Ricky asked: How do you wash clothes at the dry cleaners? ”
What happens to clothes after they drop off the shelves at the dry cleaners is a mystery to most of us. We know our clothes are much cleaner than when we dropped them, but how is that possible? Who’s First How about washing clothes without water? ”
The earliest records of professional dry cleaning can be traced back to the ancient Romans. For example, dry cleaners were found in the ruins of Pompeii, a Roman city buried when Vesuvius erupted in 79 AD, using a type of clay called fullerite, plus lye and ammonia (from urine liquid) to remove dirt and sweat stains from clothing. This process has proven to be very effective on any fabric that is too delicate to wash properly or a stain that refuses to budge. (In fact, the industry is so prominent that it has a urine tax. Fullers often uses animal urine and also maintains urine collection tanks in public bathrooms.)

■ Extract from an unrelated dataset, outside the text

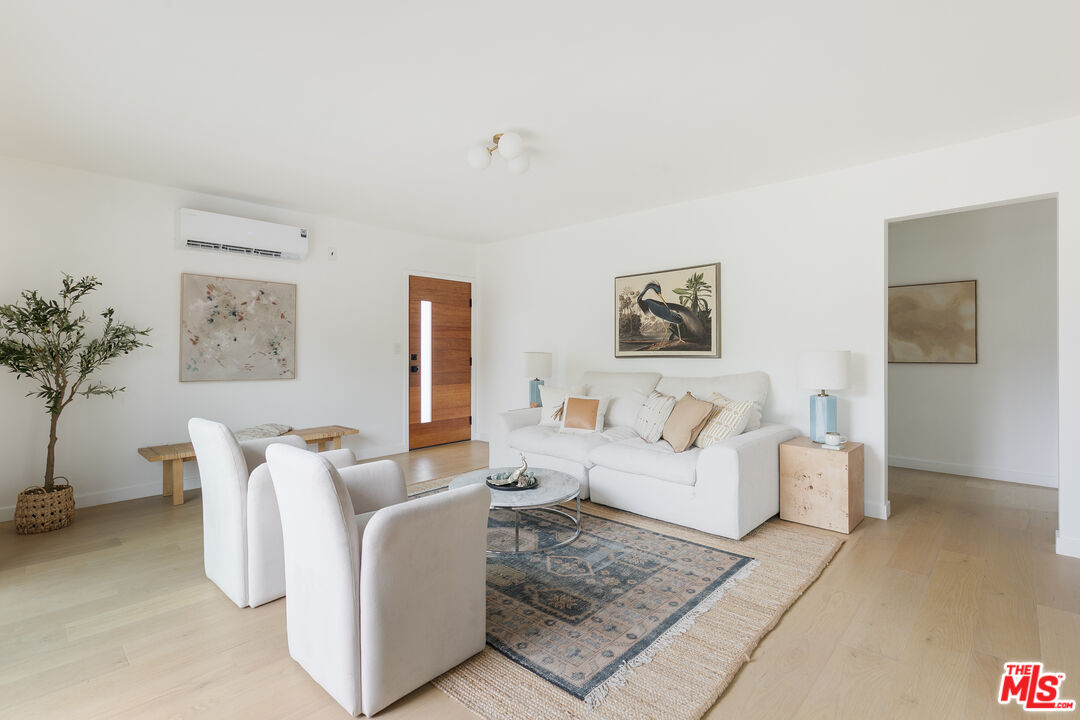 4412 Finley Ave Unit: 5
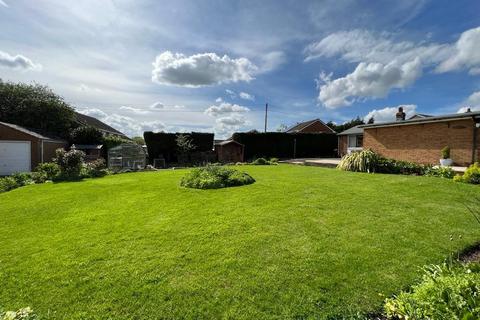 3 bedroom detached bungalow for sale - Chessington Drive, Wakefield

As for the more modern The biggest revolution in dry cleaning methods occurred in the early 19th century. Traditionally, Jean Baptiste Jolly of France is generally known as the father of modern dry cleaning. It is said that in 1825, a careless maid knocked over a lamp and spilled turpentine on a dirty tablecloth. Jolly noticed that once the turpentine dried, the stain that stained the fabric disappeared. He did an experiment and bathed the entire tablecloth in a bathtub filled with turpentine and found that it came clean as soon as it dried. Whether or not the maid actually had anything to do with the accident, Jolly used this method in Paris when he opened the first oft-remembered modern dry cleaning shop, Teinturerier Jolly Belin.

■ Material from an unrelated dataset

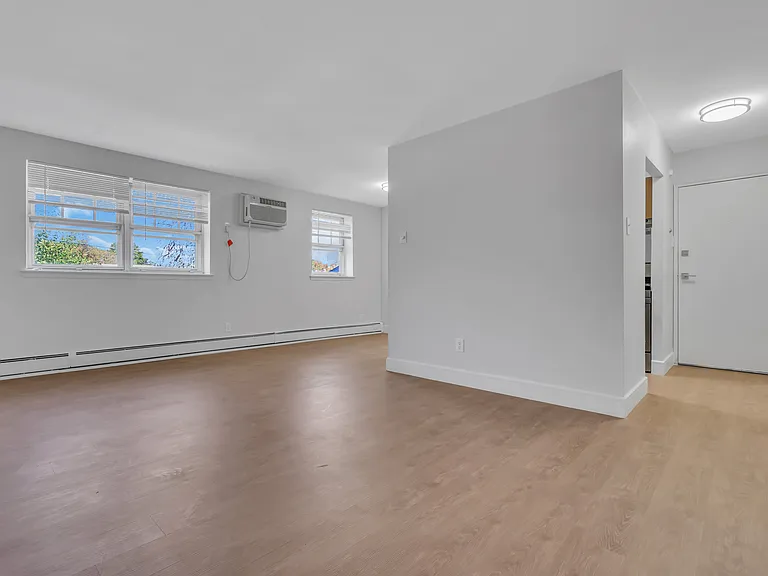 Lancaster Court Apartments — Photo 15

However, a patent for a process called "dry cleaning" was filed with the U.S. Patent Office in 1821, four years before Jolly discovered it. A man named Thomas Jennings was a clothier and tailor in New York, and soon he became the first African American to receive a patent in the United States. (Prior to this, it had been ruled that slave owners were the legal owners of slave inventions and could then patent those inventions in their own names. Jennings, however, was a free man.)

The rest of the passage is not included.